Boxplot width (default 0.15). For clean separation, keep box_width <= 2 * box_offset.

star_from

Where to anchor the vertical position of the significance label: one of "quantile" (default), "data_max", or "whisker".

star_quantile

Quantile used when star_from = "quantile" (default 0.995).

star_pad

Fraction of the y-range added above the anchor for the label (default 0.03).

headroom

Fraction of the y-range added to the top limit to avoid clipping (default 0.08).

star_size

Text size for the significance label (default 6).

Value

A ggplot2 object.

Details

Geometry and alignment. Each half of the violin is drawn with gghalves::geom_half_violin(), then two explicit boxplot layers (left and right) are drawn at fixed x-positions (1 - box_offset and 1 + box_offset), so the boxes always align with their corresponding half and color (no dodging flips).

Significance label. When annotation_text is NULL, the p-value is computed as described and converted to "*", "**", "***", or (optionally) "ns". The label is drawn at x = 1 via ggpubr::stat_pvalue_manual(remove.bracket = TRUE). Vertical placement is anchor + star_pad * (range_y), where the anchor is chosen by star_from. The top limit is expanded by headroom so the label never clips.

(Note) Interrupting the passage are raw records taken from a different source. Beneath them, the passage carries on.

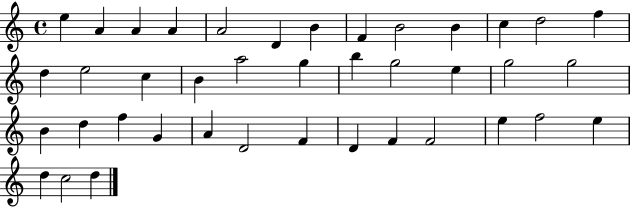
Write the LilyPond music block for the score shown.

{
  \clef treble
  \time 4/4
  \defaultTimeSignature
  \key c \major
  e''4 a'4 a'4 a'4 | a'2 d'4 b'4 | f'4 b'2 b'4 | c''4 d''2 f''4 | \break d''4 e''2 c''4 | b'4 a''2 g''4 | b''4 g''2 e''4 | g''2 g''2 | \break b'4 d''4 f''4 g'4 | a'4 d'2 f'4 | d'4 f'4 f'2 | e''4 f''2 e''4 | \break d''4 c''2 d''4 | \bar "|."
}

Axis label. If Var has a label attribute (from labelled or Hmisc), that text is used for the y-axis title; otherwise the column name is used.

See also

geom_half_violin, stat_pvalue_manual, emmeans

Examples

if (FALSE) { # \dontrun{
PlotSplitViolin(df_analysis, Var = Tryptophan, Group = STATUS)
PlotSplitViolin(
  df_analysis, Var = Tryptophan, Group = STATUS,
  left_group = "Seropositive",
  color_palette = c(Seropositive = "#E8A007", Seronegative = "#8C1A45")
)
PlotSplitViolin(df_analysis, Var = Tryptophan, Group = STATUS,
                covars = "Age", nonparametric = FALSE)
PlotSplitViolin(df_analysis, Var = Tryptophan, Group = STATUS,
                covars = "Age", nonparametric = TRUE, show_ns = TRUE)
} # }